We must demonstrate that this task is not solvable with similar accuracy by a memory-less analog network, despite being sequential. Let us then try to train such a baseline.

[3]:
from torch import nn

ann = nn.Sequential(
    nn.Linear(28, 128),
    nn.ReLU(),
    nn.Linear(128, 128),
    nn.ReLU(),
    nn.Linear(128, 256),
    nn.ReLU(),
    nn.Linear(256, 256),
    nn.ReLU(),
    nn.Linear(256, 10),
    nn.ReLU()
)

Training

[4]:
from tqdm.notebook import tqdm

criterion = nn.CrossEntropyLoss()
optimizer = torch.optim.Adam(ann.parameters())

for epoch in range(5):
    pbar = tqdm(dataloader)
    for img, target in pbar:
        optimizer.zero_grad()

        target = target.unsqueeze(1).repeat([1, 28])
        img = img.reshape([-1, 28])
        target = target.reshape([-1])

        out = ann(img)
#         out = out.sum(1)
        loss = criterion(out, target)
        loss.backward()
        optimizer.step()

        pbar.set_postfix(loss=loss.item())





Testing

[5]:
accs = []

pbar = tqdm(dataloader_test)
for img, target in pbar:

    img = img.reshape([-1, 28])
    out = ann(img)
    out = out.reshape([64, 28, 10])
    out = out.sum(1)

    predicted = torch.max(out, axis=1)[1]
    acc = (predicted == target).sum().numpy() / BATCH_SIZE
    accs.append(acc)

print(sum(accs)/len(accs))

0.4740584935897436

Defining a spiking network

We then define a 4-layer fully connected spiking neural network.

[6]:
from sinabs.from_torch import from_model

model = from_model(ann, batch_size=BATCH_SIZE).to(device)
model = model.train()

Training

Here, we begin training.

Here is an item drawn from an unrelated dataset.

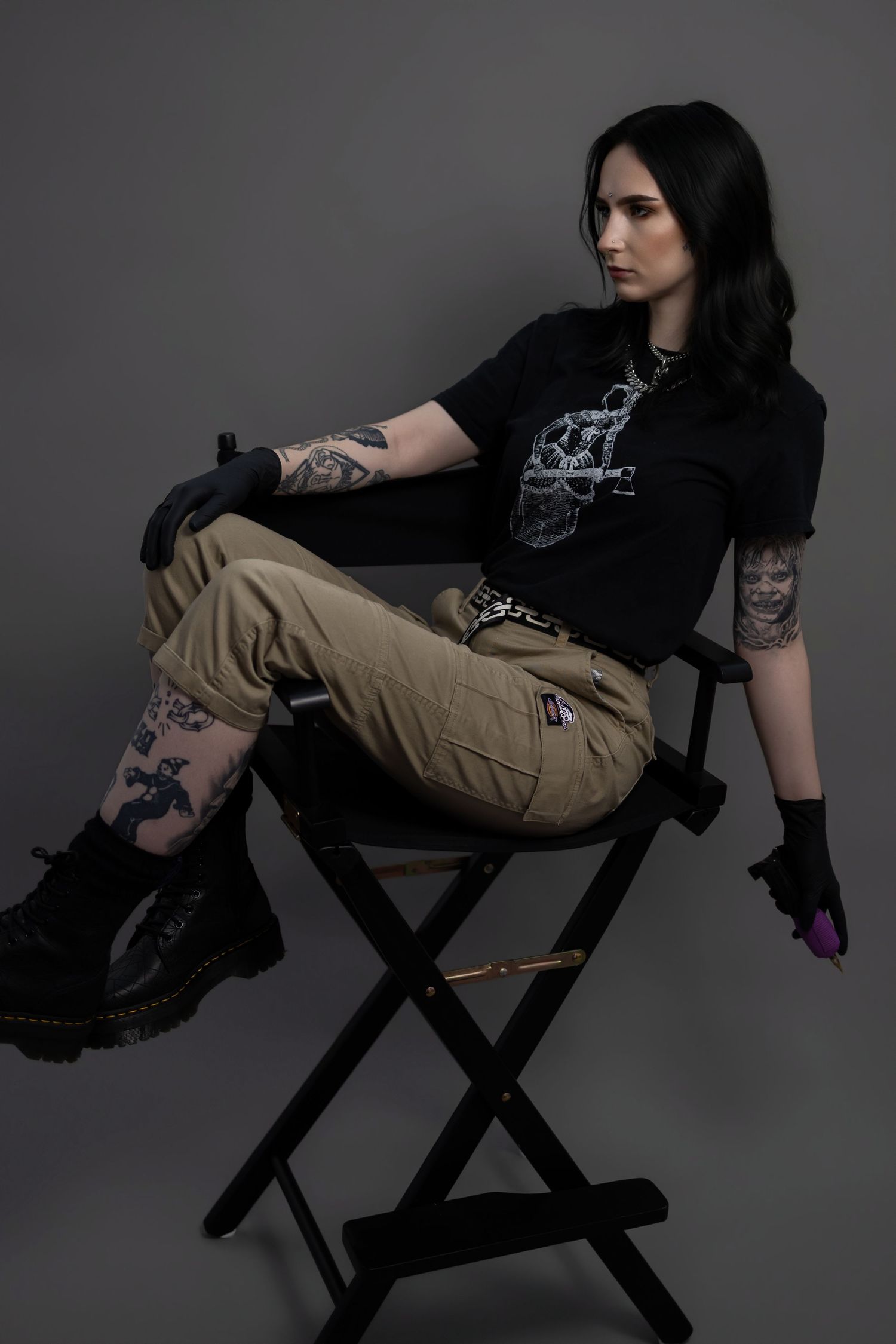 Tattooed female tattoo artist relaxing on a director's chair, wearing black gloves and cargo pants in a studio setting.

Note that the state of the network must be reset at every iteration.

[7]:
from tqdm.notebook import tqdm

criterion = nn.CrossEntropyLoss()
optimizer = torch.optim.Adam(model.parameters())

for epoch in range(10):
    pbar = tqdm(dataloader)
    for img, target in pbar:
        optimizer.zero_grad()
        model.reset_states()

        out = model.spiking_model(img.to(device))
        # the output of the network is summed over the 28 time steps (rows)
        out = out.sum(1)
        loss = criterion(out, target.to(device))
        loss.backward()
        optimizer.step()

        pbar.set_postfix(loss=loss.item())










Testing

[8]:
accs = []

pbar = tqdm(dataloader_test)
for img, target in pbar:
    model.reset_states()

    out = model(img.to(device))
    out = out.sum(1)

    predicted = torch.max(out, axis=1)[1]
    acc = (predicted == target.to(device)).sum().cpu().numpy() / BATCH_SIZE
    accs.append(acc)

print(sum(accs)/len(accs))

0.6699719551282052

This value, although not very high, shows as a proof of concept that the persistent state of the spiking network (the membrane potentials) can be exploited as a short-term memory for solving sequential tasks, provided the training procedure takes it into account.